HİZMET İHRACATINDA BÜYÜK OYUNCU HEDEFİ
Hizmet İhracatçıları Birliği (HİB)’nin en büyük ihracat kalemlerinden bir tanesinin sağlık turizmi ihracatı olma noktasında tek engelin merdiven altı yerlerin olduğunu yineleyen Terziler, “Sayın Cumhurbaşkanımız geçen yıl sağlık turizminde 2023 yılı için 10 milyar dolarlık bir hedef açıklamıştı. Bu hedefe, ülkemizde ve dünyada yaşanan olumsuz gelişmelerle biraz uzaklaştık ama 2024’te gerçekleştirebiliriz. Bunun için büyük potansiyele sahibiz. Bu konuda başarıya aç ve ne yaptığını çok iyi bilen doktorlarımız, kliniklerimiz, markalarımız var. Bu konuda sağlık turizmi, hizmet ihracatının en önemli kalemi net bir şekilde olabilir. Hedeflerimiz için ciddi bir çalışmayı ele almamız gerekiyor. Özellikle kaliteli markaların, kliniklerin ve hastanelerin devlet tarafından yeni teşvik sistemleriyle desteklenmesi, aynı zamanda özel sektör ve devlet bir araya gelerek el birliğiyle sektörü geleceğe taşıması net bir şekilde gerekli.” ifadelerini kullandı.

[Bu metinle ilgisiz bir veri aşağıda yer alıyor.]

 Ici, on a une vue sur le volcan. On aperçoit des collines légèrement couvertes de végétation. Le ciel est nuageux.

SEKTÖRÜN TOPLAM CİROSU 20 MİLYAR DOLAR
Bir turizm cenneti olan Türkiye’nin artık sağlık turizmi cenneti de olduğunu kaydeden Terziler, “Sağlık turizm cenneti olarak kaplıcalarıyla, yaşlı bakım turizmiyle, genel sağlık hizmetleriyle, estetik operasyonlarla bunu kabaca 4 sac ayağına böldüğümüz zaman, sektörün Türkiye geneli cirosu bu çerçevede 20 milyar doları buluyor. Dünyada oluşturmuş olduğumuz sağlık turizmi cennetinin varlığını korumak ve geliştirmek için de farkındalık ile çalışmamız lazım diye düşünüyorum” dedi.
2023 yıl sonunu, 2022 yılına paralel 4 milyar dolar ve üstünde bir ciro ile tamamlamayı hedeflediklerini belirten Terziler, “Yılın geri kalan aylarında 2,5 milyar dolarlık cirolara rahatlıkla ulaşabiliriz. Çünkü, koşan aylarımız, dinamik ve bizim ayağımızdan çeken merdiven altı olmadığı sürece biz bunu yaparız.” dedi.

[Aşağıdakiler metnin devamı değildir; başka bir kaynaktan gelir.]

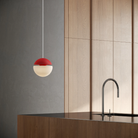 The poppy Cora Pendant Light from Gantri with the white cord in a living room.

“SAĞLIK TURİZMİ TANITIM AJANSI KURULMALI”
‘Sağlık Turizmi Tanıtım Ajansı’nın kurulmasının elzem olduğunu ve Türkiye’nin sağlık turizminde yakaladığı ivmeyi dünyada çok daha fazla ön plana taşıyacağını belirten Terziler, “Çünkü sağlık turizmi için; turizme gidiyorsun benim konum değil diyor, sağlığa gidiyorsun o turizm diyor. Aslında arada kalmış bir kavram gibi. Özel sektörün dinamikleri olmasa sağlık turizmi bu kadar büyümezdi. Bu nedenle madem büyüdü, bunu doğru yönetmemiz lazım. Burada, ilgili bakanlığın mevut yapısının altında Sağlık Turizmi Tanıtım Ajansı’nın olması gerekli. Böyle bir ajansın kurulmasıyla Türk sağlık turizmini, geniş kapsamlı bir şekilde yaşlı bakım merkezleriyle, kaplıca turizmiyle, genel sağlık hizmetleri ile duyurabiliriz” dedi.
Türkiye’nin, dünya genelinde marka olan bir saç merkezi olduğunu da vurgulayan Terziler, “Milano deyince modanın başkenti aklınıza geliyorsa, İstanbul deyince de saç ekiminin baş şehri, merkezi akla geliyor. Bunu, zaten dünya biliyor. Bunun tanıtımını dünyaya tekrar tekrar anlatmamız gerekiyor. Çünkü, bilinen gerçekleri tekrarladıkça bunun markalaşma sürecine etkisini kalıcı kılar. Bu nedenle, Sağlık Turizmi Tanıtım Ajansı’nın kurulması durumunda markalaşma sürecimiz daha hızlı ve kalıcı olur.” ifadelerini kullandı.